Spicing Things Up

I’ve spent the past few weeks enjoying meals spiced with garlic, cumin, and cayenne. Delicious, strong flavors that taste good with pretty much everything; I’ve been adding them to eggs, beans, onions, kale, and Brussels sprouts. Last Sunday, I made a big batch of cumin and garlic spiced beans and veggies that I ate for lunch everyday. But today I decided to “spice things up” a bit and branch out from these flavors. Partly because I was ready for something new, and partly because the fresh ginger I had bought from Trader Joe’s the other week was starting to look not quite so fresh anymore… Time for a new creation with ginger! The “throw things in a pan with no solid plan” method is usually a promising way to come up with something delicious (and it even rhymes)!


With the ginger, I decided to make more of an Indian flavor and added curry powder, coconut oil (obviously), turmeric, cayenne, and then my favorite addition—shredded coconut flakes. With all the coconut, ginger, and curry, I could have added anything and it would have tasted good. I’d have to say, I did add pretty much everything to that pan… Earlier in the day, my mom had mentioned that she remembered reading that you should eat twenty different vegetables each week to have enough diversity. That is very tough when you are just cooking for one person! I did my best with this, though, and added onions, broccoli, yellow peppers, and kale. That was all I could fit… As protein, I added white kidney beans. Any sort of beans would work here, but I added the white beans mainly for aesthetic purposes to keep the pan green, yellow, and white.

Can you count the veggies?
Can you count the veggies?

It’s amazing how spices can transform the meal! Last week’s sautéed beans, vegetables, and onions tasted very different from this week’s despite the fact that the base ingredients are exactly the same. Here is my recipe, but the most important part is the spice and coconut combination. I started off pretty light on the spice, but add as much as you think you need. If you like coconut, curry, and ginger, anything will taste good. Maybe you can find a bigger pan and more vegetables than I could and fit all twenty types in one dish! Mushrooms, spinach, and cauliflower are additions that I definitely wish I could have added.

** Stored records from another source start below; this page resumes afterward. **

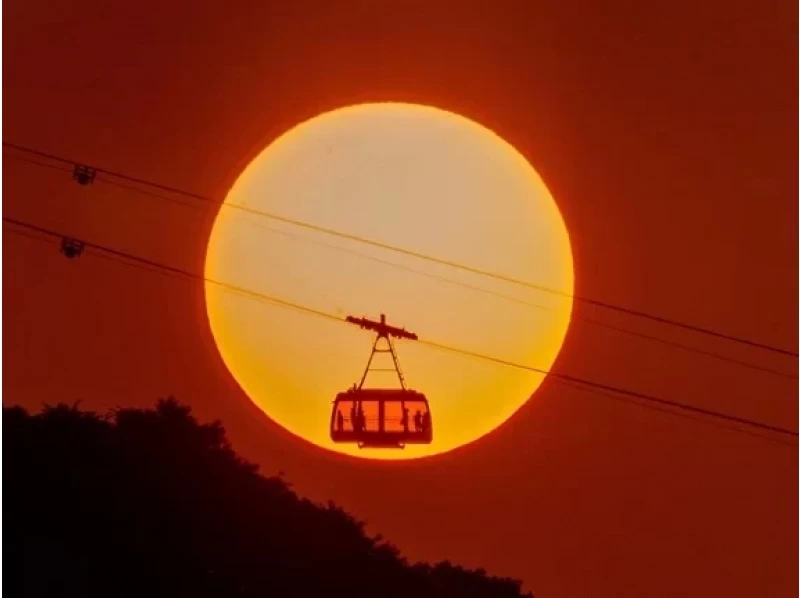 [北海道/札幌]包租观光出租车“札幌夜景灯饰之旅”到藻岩山和旭山纪念公园の紹介画像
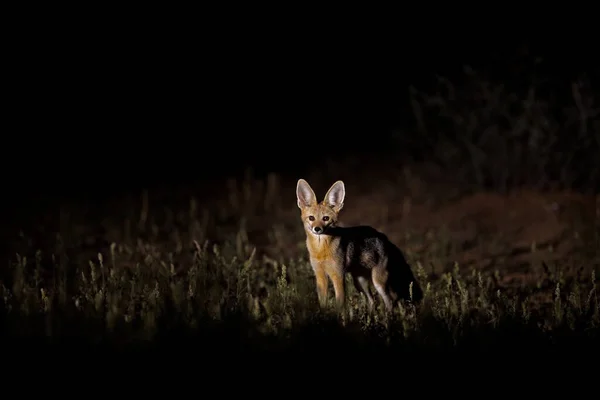 Geceleri Afrika Tilkisi Cape Fox Kgalagadi Botswana Yüz Portresi Afrika — Stok fotoğraf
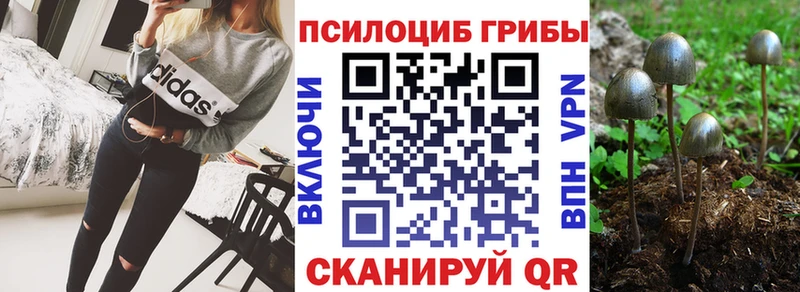 Галлюциногенные грибы Psilocybine cubensis  кракен ТОР  Инта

I would also be interested to try adding coconut milk or even a nut butter to the mix.


Coconut Ginger Stir Fry

2-3 tsp fresh ginger, minced

1 tbs coconut oil

1 tsp curry powder

½ tsp cayenne

½ tsp turmeric

2-3 tbsp shredded unsweetened coconut

1 yellow onion

1 yellow pepper

1 small head broccoli

2 cups raw kale

1 can white kidney beans, drained and rinsed

  1. Heat oil and fresh ginger in a large frying pan on medium-high until it starts to sizzle.
  2. Chop up onion and add it to the pan with spices. Let that sauté for a minute or so, then put the top on the frying pan to let it cook through.
  3. Sprinkle shredded coconut on top and add in chopped pepper, broccoli and kale. Allow to cook for 1-2 minutes (use a spatula to keep things moving and make sure nothing starts burning) and then place the top on the pan.
  4. Once vegetables are mostly cooked, add in the can of beans. Cook with the top on the pan to let all the flavors mix, then remove the top and let all the water boil out.
  5. Enjoy immediately or keep in the fridge to enjoy throughout the week. This is a great, nutritious lunch to eat everyday!